Photos: Javier Fergo / Festival de Jerez
Joaquín Grilo ‘s gala La calle de mis sueños lifted the curtain of the Villamarta Theater, the scenic lung of the Festival de Jerez, which this year celebrates its 23rd edition and which, judging by what we’ve seen in this first few days, continues to be a global reference for the lovers of baile and flamenco dance. It’s a pleasure walking in this city during the 17 days of this event and see how its streets become rivers of art, with everything shining “a compás”, a little more than usual. If it’s true that, for many years, there have been parallel events in their own right such as La Guarida del Ángel’s “Off Festival”, we must also acknowledge that the quality and the epicenter of it all originates from the official program. Yet, we must highlight the performance of Israel Fernández accompanied by Diego del Morao which took place in this venue on the evening of Monday, February 25th. This young cantaor has hoisted his flag and we recommend keeping track of him, as he has plenty of talent and a message that easily reaches his audience. He has what it takes.
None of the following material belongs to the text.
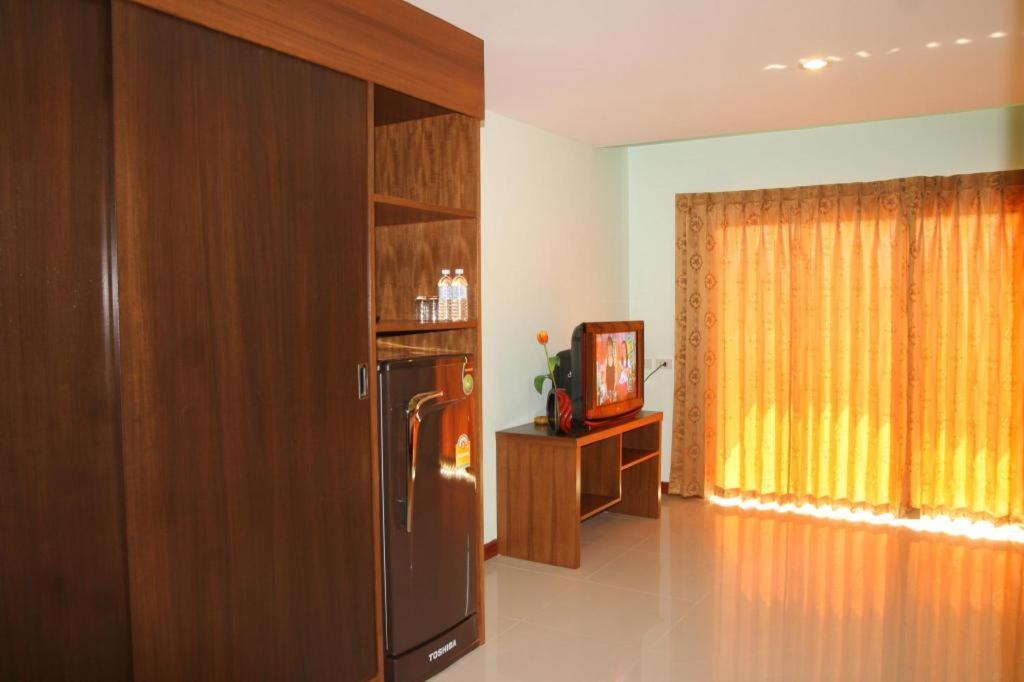 Siam Platinum Pattaya hotel Bagian luar foto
Yet, let’s go back to the Villamarta theater, where Joaquín, El Grilo de Jerez, as we could also call him, delighted his audience once again with a more daring production than what we’ve come to expect of him, although it was rather typical of our days. We already know that coming on stage with a traditional baile performance is increasingly unusual these days, although I don’t really know why, because whoever knows how to dance por derecho, in the traditional way, needs no script or plot to succeed. The same happened with Eva la Yerbabuena, two days after Joaquín, who appealed to Japanese culture to offer a well-cared production, precisely balanced on the emotional level, but lacking the baile flamenco we would have preferred. Joaquín danced exquisitely por soleá with the cante of José Mijita, making it clear that few can surpass him in these things. Thus, this honorable bailaor of Jerez took to the stage the deepest dreams of his life, with his characteristic emotion and with admirable preparation and good sense, also taking good care of the technical aspects such as lightning and music. Yerbabuena even included the singing of Anna Sato, in an amazing intercultural blend. We were left wanting more baile flamenco in the Cuentos de azúcar (“Sugar Tales”) brought to us by this great bailaora. But it was Maria Pagés’ Una oda al tiempo (“An ode to time”) on the evening of Saturday, February 23rd, what moved us more deeply up to now, for being a well-aimed production where this maestra de baile makes good use of her vast talent, setting aside her weaker points. In that manner she coils her body in a spiral of movements at the rhythm of vital beats, with bailes of classic aesthetic and a superb accompanying dance corps. Concha Jareño was Monday’s protagonist in the coliseum of Jerez, with her Recital Flamenco which, as the name suggests, left aside the anxiously complex creativity of our days to dance as always, in a clear, traditional production. Tangos, soleares por bulerías, guajiras, malagueñas, martinetes… Some of the styles were performed with the outstanding musical accompaniment of Canito’s guitar.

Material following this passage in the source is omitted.